▶ [Dataset records]
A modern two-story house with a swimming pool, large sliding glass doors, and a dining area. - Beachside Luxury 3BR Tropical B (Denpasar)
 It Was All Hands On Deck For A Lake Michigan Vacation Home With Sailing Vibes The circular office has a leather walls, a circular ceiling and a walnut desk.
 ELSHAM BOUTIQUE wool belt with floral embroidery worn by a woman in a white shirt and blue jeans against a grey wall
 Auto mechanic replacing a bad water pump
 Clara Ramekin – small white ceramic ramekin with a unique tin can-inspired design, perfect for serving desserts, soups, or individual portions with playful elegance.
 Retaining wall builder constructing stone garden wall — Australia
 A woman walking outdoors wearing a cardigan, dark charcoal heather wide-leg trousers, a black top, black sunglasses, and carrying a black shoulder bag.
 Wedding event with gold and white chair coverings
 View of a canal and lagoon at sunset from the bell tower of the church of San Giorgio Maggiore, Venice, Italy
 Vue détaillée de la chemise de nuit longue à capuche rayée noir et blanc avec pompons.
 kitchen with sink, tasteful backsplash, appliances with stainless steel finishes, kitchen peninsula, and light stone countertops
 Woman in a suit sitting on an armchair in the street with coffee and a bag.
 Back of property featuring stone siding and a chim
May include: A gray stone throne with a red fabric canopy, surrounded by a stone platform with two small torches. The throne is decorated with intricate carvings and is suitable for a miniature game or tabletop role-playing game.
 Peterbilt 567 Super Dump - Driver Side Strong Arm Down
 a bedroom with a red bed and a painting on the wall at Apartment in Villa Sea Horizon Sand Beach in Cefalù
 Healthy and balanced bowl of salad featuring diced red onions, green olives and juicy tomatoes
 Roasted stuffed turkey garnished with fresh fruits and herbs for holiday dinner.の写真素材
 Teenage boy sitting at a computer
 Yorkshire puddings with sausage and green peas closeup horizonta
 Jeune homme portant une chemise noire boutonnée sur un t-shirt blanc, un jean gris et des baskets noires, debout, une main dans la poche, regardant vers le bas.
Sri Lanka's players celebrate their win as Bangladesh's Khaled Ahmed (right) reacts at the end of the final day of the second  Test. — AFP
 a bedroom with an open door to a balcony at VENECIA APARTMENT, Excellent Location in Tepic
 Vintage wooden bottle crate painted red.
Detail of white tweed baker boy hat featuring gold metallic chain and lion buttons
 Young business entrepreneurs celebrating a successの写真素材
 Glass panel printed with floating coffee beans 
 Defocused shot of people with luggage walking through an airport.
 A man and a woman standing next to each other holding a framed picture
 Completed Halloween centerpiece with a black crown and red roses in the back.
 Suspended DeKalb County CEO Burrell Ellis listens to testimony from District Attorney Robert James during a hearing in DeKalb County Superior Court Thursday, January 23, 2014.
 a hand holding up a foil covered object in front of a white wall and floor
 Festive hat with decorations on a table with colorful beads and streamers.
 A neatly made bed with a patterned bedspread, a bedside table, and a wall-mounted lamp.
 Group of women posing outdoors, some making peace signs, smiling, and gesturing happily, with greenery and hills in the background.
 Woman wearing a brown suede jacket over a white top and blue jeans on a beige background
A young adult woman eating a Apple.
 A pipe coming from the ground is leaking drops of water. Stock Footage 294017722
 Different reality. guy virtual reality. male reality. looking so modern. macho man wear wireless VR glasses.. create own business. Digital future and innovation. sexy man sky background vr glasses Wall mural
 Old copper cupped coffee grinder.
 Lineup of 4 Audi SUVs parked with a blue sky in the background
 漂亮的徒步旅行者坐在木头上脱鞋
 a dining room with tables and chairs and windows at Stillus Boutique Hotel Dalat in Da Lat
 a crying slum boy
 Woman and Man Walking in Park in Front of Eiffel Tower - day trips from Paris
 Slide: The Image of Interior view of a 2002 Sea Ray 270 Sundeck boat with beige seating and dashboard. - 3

▶ [Aim of the task]
From the first line to the last, please quote the material above exactly.

▶ [Output below]
A modern two-story house with a swimming pool, large sliding glass doors, and a dining area. - Beachside Luxury 3BR Tropical B (Denpasar)
 It Was All Hands On Deck For A Lake Michigan Vacation Home With Sailing Vibes The circular office has a leather walls, a circular ceiling and a walnut desk.
 ELSHAM BOUTIQUE wool belt with floral embroidery worn by a woman in a white shirt and blue jeans against a grey wall
 Auto mechanic replacing a bad water pump
 Clara Ramekin – small white ceramic ramekin with a unique tin can-inspired design, perfect for serving desserts, soups, or individual portions with playful elegance.
 Retaining wall builder constructing stone garden wall — Australia
 A woman walking outdoors wearing a cardigan, dark charcoal heather wide-leg trousers, a black top, black sunglasses, and carrying a black shoulder bag.
 Wedding event with gold and white chair coverings
 View of a canal and lagoon at sunset from the bell tower of the church of San Giorgio Maggiore, Venice, Italy
 Vue détaillée de la chemise de nuit longue à capuche rayée noir et blanc avec pompons.
 kitchen with sink, tasteful backsplash, appliances with stainless steel finishes, kitchen peninsula, and light stone countertops
 Woman in a suit sitting on an armchair in the street with coffee and a bag.
 Back of property featuring stone siding and a chim
May include: A gray stone throne with a red fabric canopy, surrounded by a stone platform with two small torches. The throne is decorated with intricate carvings and is suitable for a miniature game or tabletop role-playing game.
 Peterbilt 567 Super Dump - Driver Side Strong Arm Down
 a bedroom with a red bed and a painting on the wall at Apartment in Villa Sea Horizon Sand Beach in Cefalù
 Healthy and balanced bowl of salad featuring diced red onions, green olives and juicy tomatoes
 Roasted stuffed turkey garnished with fresh fruits and herbs for holiday dinner.の写真素材
 Teenage boy sitting at a computer
 Yorkshire puddings with sausage and green peas closeup horizonta
 Jeune homme portant une chemise noire boutonnée sur un t-shirt blanc, un jean gris et des baskets noires, debout, une main dans la poche, regardant vers le bas.
Sri Lanka's players celebrate their win as Bangladesh's Khaled Ahmed (right) reacts at the end of the final day of the second  Test. — AFP
 a bedroom with an open door to a balcony at VENECIA APARTMENT, Excellent Location in Tepic
 Vintage wooden bottle crate painted red.
Detail of white tweed baker boy hat featuring gold metallic chain and lion buttons
 Young business entrepreneurs celebrating a successの写真素材
 Glass panel printed with floating coffee beans 
 Defocused shot of people with luggage walking through an airport.
 A man and a woman standing next to each other holding a framed picture
 Completed Halloween centerpiece with a black crown and red roses in the back.
 Suspended DeKalb County CEO Burrell Ellis listens to testimony from District Attorney Robert James during a hearing in DeKalb County Superior Court Thursday, January 23, 2014.
 a hand holding up a foil covered object in front of a white wall and floor
 Festive hat with decorations on a table with colorful beads and streamers.
 A neatly made bed with a patterned bedspread, a bedside table, and a wall-mounted lamp.
 Group of women posing outdoors, some making peace signs, smiling, and gesturing happily, with greenery and hills in the background.
 Woman wearing a brown suede jacket over a white top and blue jeans on a beige background
A young adult woman eating a Apple.
 A pipe coming from the ground is leaking drops of water. Stock Footage 294017722
 Different reality. guy virtual reality. male reality. looking so modern. macho man wear wireless VR glasses.. create own business. Digital future and innovation. sexy man sky background vr glasses Wall mural
 Old copper cupped coffee grinder.
 Lineup of 4 Audi SUVs parked with a blue sky in the background
 漂亮的徒步旅行者坐在木头上脱鞋
 a dining room with tables and chairs and windows at Stillus Boutique Hotel Dalat in Da Lat
 a crying slum boy
 Woman and Man Walking in Park in Front of Eiffel Tower - day trips from Paris
 Slide: The Image of Interior view of a 2002 Sea Ray 270 Sundeck boat with beige seating and dashboard. - 3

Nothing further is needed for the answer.